Almost 30 months after the Centre discontinued the Kisan Vikas Patra (KVP), Finance Minister Arun Jaitley announced its revival on Thursday.
“Kisan Vikas Patra was a very popular instrument among small savers. I plan to re-introduce the instrument to encourage people who may have banked and unbanked savings to invest in this instrument,” said Jaitley.
The KVP, offered by India Post till November 2011, had no ceiling on investment while the lower limit was fixed at Rs 100. While it offered an interest of 8.4 per cent and permitted withdrawal after two-and-a-half years, it was not eligible for tax benefits under Section 80C.

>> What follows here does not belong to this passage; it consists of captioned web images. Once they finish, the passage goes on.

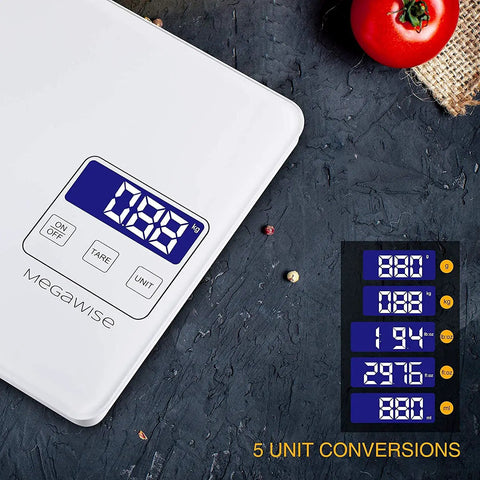 White Precision Kitchen Scale For Home Cooks Waterproof Rechargeable Digital Food Scale 33Lb Capacity with display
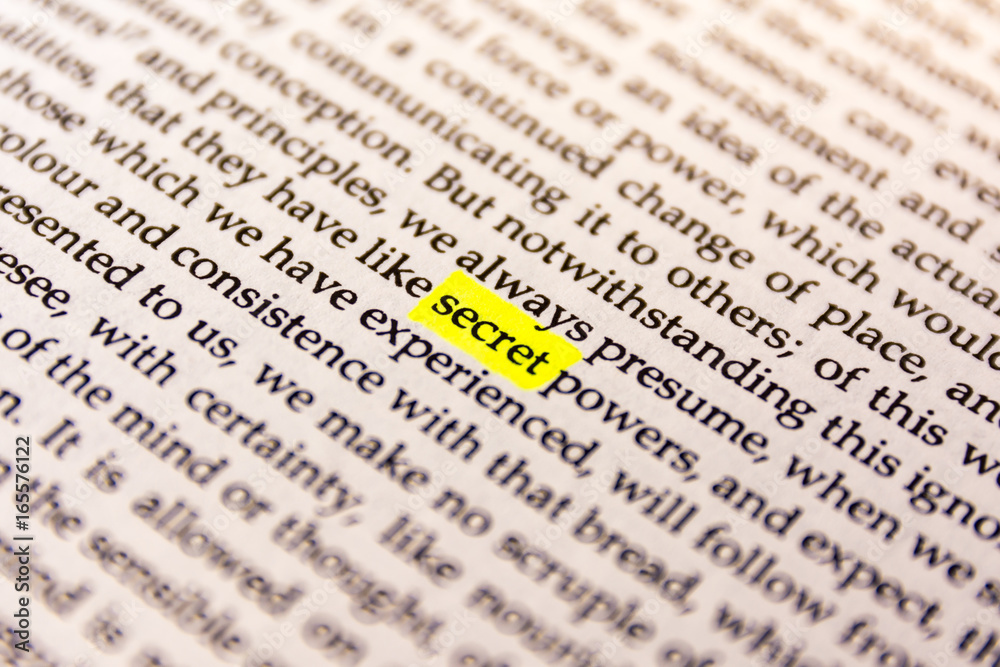 Fototapeta premium Book Highlighted Word Yellow Fluorescent Marker Paper Old Keyword Secret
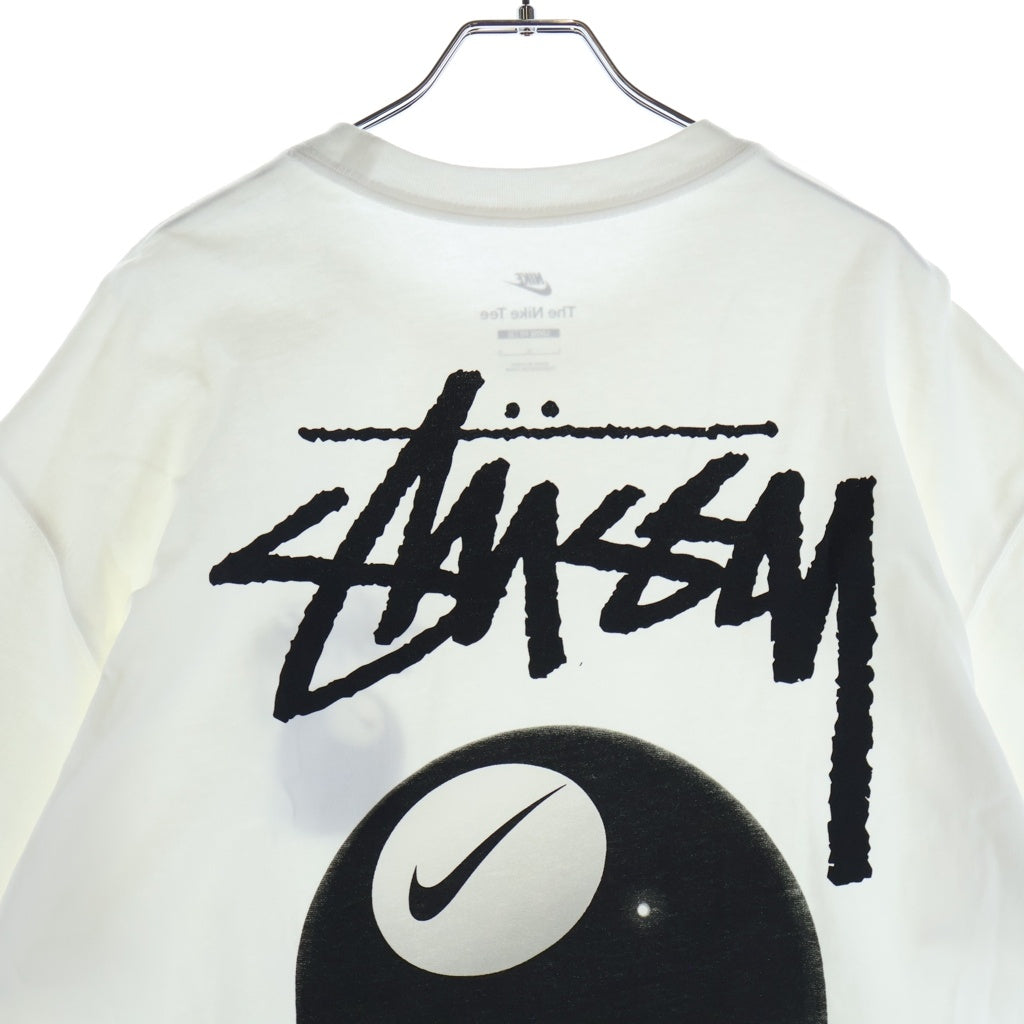 NIKE(ナイキ) ×STUSSY 8Ball Print S/S Tee エイトボール ロゴ両面プリント クルーネック 半袖Tシャツ カットソー ホワイト DO9322-100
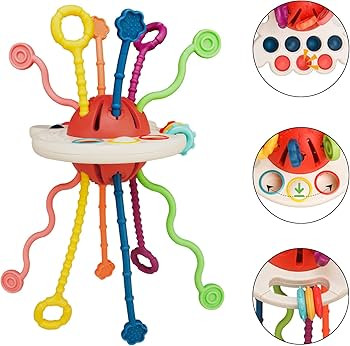 Montessori Toys for Babies, Food Grade Silicone Pull String |Baby Sensory Teething Toys, Fine Mot... | Amazon (US)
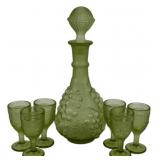 Imperial Glass Decanter & 6 Goblets
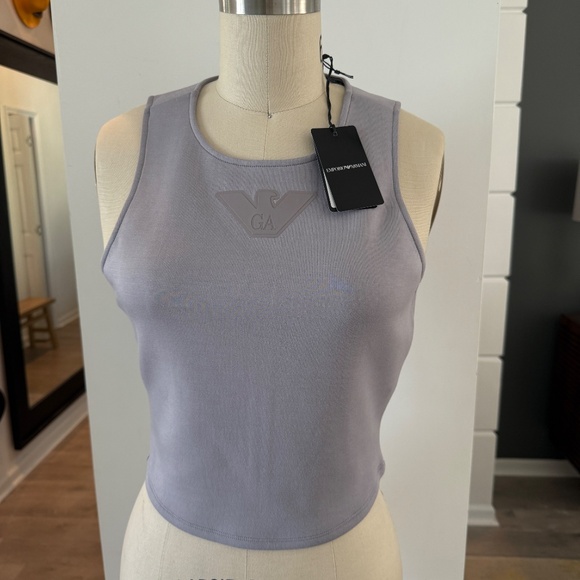 EA7 EMPORIO ARMANI Womans Gray GA Logo Stretch Tank Top Lg/Sm, 3D2K6A - Picture 2 of 12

Experts said despite no tax benefits, it attracted many investors. “One reason for its popularity was that it allowed investors to invest in cash. However, the cash component may now be capped at Rs 50,000, in line with the limit set for other financial instruments,” said a Delhi-based financial advisor who did not wish to be named.
The Shyamala Gopinath Committee, in its report submitted on June 7, 2011, had recommended that the KVP be discontinued as it was “prone to misuse, being a bearer-line instrument”. It said the KVP was more popular than the National Savings Certificate (NSC) because of the ease of transfer and liquidity.
“In view of the recent developments on AML/CFT (anti-money laundering/ combating the financing of terrorism) front, the committee recommends that KVP should be discontinued,” the report said.
Another committee headed by a former RBI Deputy Governor had also recommended that both KVP and NSC should be discontinued as their effective cost to the government was high.